I remember that day! Maybe the day before, too. It was unseasonable warm, about 95 with at least 95 per cent humidity. We had come from Hyattsville, MD. Long bus rid to hop on the metro. We were walking the avenue, headed for your office. And somehow we were allowed entrance and invaded your executive space, sensing the preoccupation with the burden of final management of such a monumental event (pun intended!)
We had been warned by your dad that you would not have time to visit, so we were happy just to pop in, say "Hi," see our young executive niece in action, and be on our way.

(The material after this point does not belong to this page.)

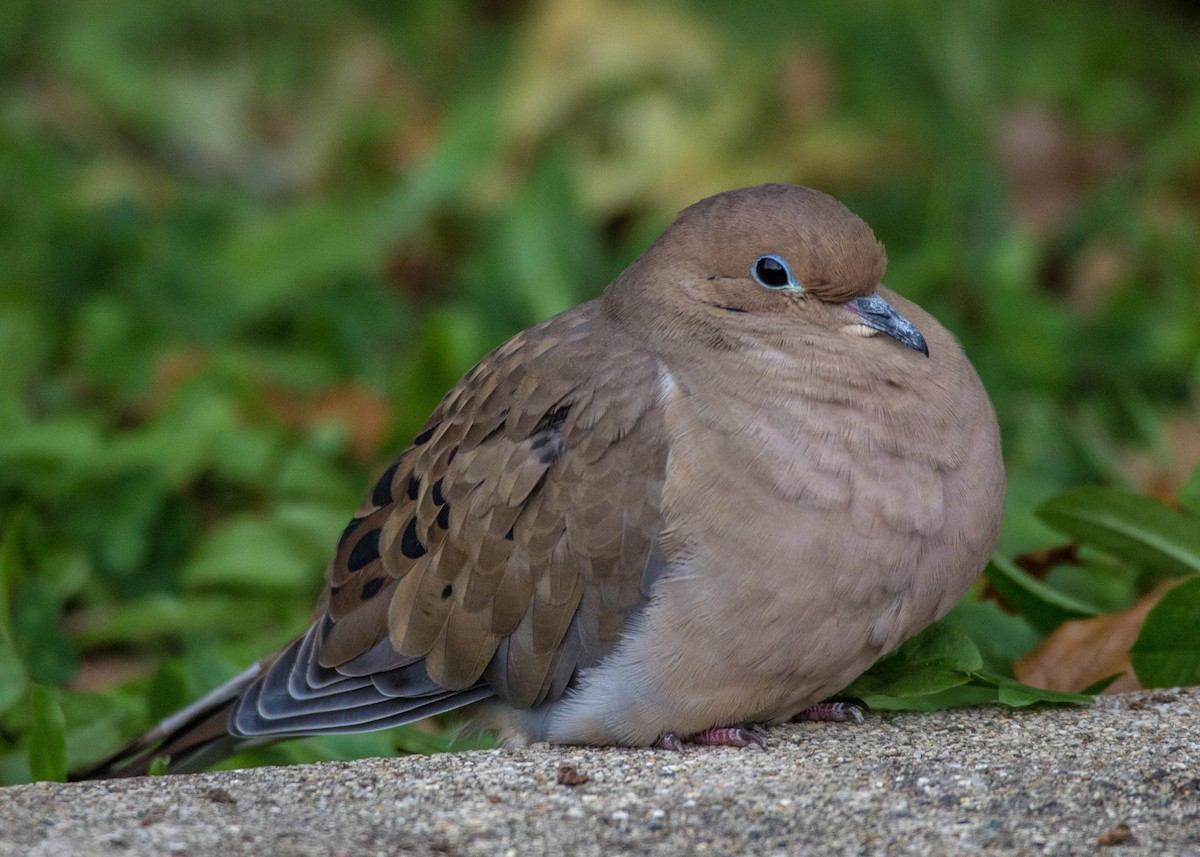 Mourning Dove - Tom Lally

We had suddenly become aware of the event. We were on vacation, and this was our scheduled day for the District. We were trying to cover as many of the sights as possible. We made it to the Capitol, listened to the snappy niformed guide, and went up to the House gallery. Just followed some other people to a seat. The guide was wearing a flowered dress and waving an umbrella. After a few minutes, she explained that we would go down to the lobby for a stop and a cold water fountain and a display of two early versions of the Bible, one by a hand scribe and one printed. That was a real treat for someone involved in writing and publishing, reflecting on all the current capabilities and challenges. The umbrella lady explained that we would not be able to go into the Library of Congress, since it was closed for renovation. Walking out, I mentioned my disappointment in that I had read about the decor and was looking forwar to seeing it. She said there was a way I could peek in, and she took me to a door and lifted the brown paper back to see in the window. No one else seemed all that interested in her information, and so we enjoyed talking to her and asked how to get to the National Arboretum. We knew it was nearby. She said, oh I'll point it out. We will go right by it when we get back on the bus. At this point, we realized we had attached ourselves to a tour group. I think we could have gotten on the bus and continued, but we didn't. We went on to the Smithsonian. Since we had stopped at other landmarks on the way, we used up our last bit of stamina and headed for the nearest metro stop and headed back to our family in MD.
Next day, we were driving to Alexandria and Mt. Vernon. We decided to drive through the District again to see the activity. Yes, we made it through most of the way before getting stalled for awhile. It was overwhelming ... the mass of portable toilets. We were not close enough to observe the program. but well aware of the enormous crowd.
It was interesting to read about your memories.